Work instruction:
Set down exactly each line of the entries below, beginning at the one that contains "Apartamento 1 quarto" and ending at the last, and no others.

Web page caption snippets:
══════════════════════════════
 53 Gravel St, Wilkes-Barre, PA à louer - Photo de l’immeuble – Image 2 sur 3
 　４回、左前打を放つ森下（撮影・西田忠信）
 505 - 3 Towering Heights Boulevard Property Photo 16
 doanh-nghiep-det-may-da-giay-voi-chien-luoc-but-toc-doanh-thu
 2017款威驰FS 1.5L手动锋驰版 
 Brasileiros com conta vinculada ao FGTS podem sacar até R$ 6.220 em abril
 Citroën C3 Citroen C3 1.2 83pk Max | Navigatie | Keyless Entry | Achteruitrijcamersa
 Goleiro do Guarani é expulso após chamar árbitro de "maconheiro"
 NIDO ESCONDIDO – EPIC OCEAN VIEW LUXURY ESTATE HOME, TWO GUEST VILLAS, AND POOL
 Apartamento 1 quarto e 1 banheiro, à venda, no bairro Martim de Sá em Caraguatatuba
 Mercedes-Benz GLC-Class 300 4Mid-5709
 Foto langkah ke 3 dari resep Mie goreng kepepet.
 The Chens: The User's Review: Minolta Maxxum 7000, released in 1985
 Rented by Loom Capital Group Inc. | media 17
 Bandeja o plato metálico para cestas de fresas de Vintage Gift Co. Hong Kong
══════════════════════════════
Answer to the exercise:
 Apartamento 1 quarto e 1 banheiro, à venda, no bairro Martim de Sá em Caraguatatuba
 Mercedes-Benz GLC-Class 300 4Mid-5709
 Foto langkah ke 3 dari resep Mie goreng kepepet.
 The Chens: The User's Review: Minolta Maxxum 7000, released in 1985
 Rented by Loom Capital Group Inc. | media 17
 Bandeja o plato metálico para cestas de fresas de Vintage Gift Co. Hong Kong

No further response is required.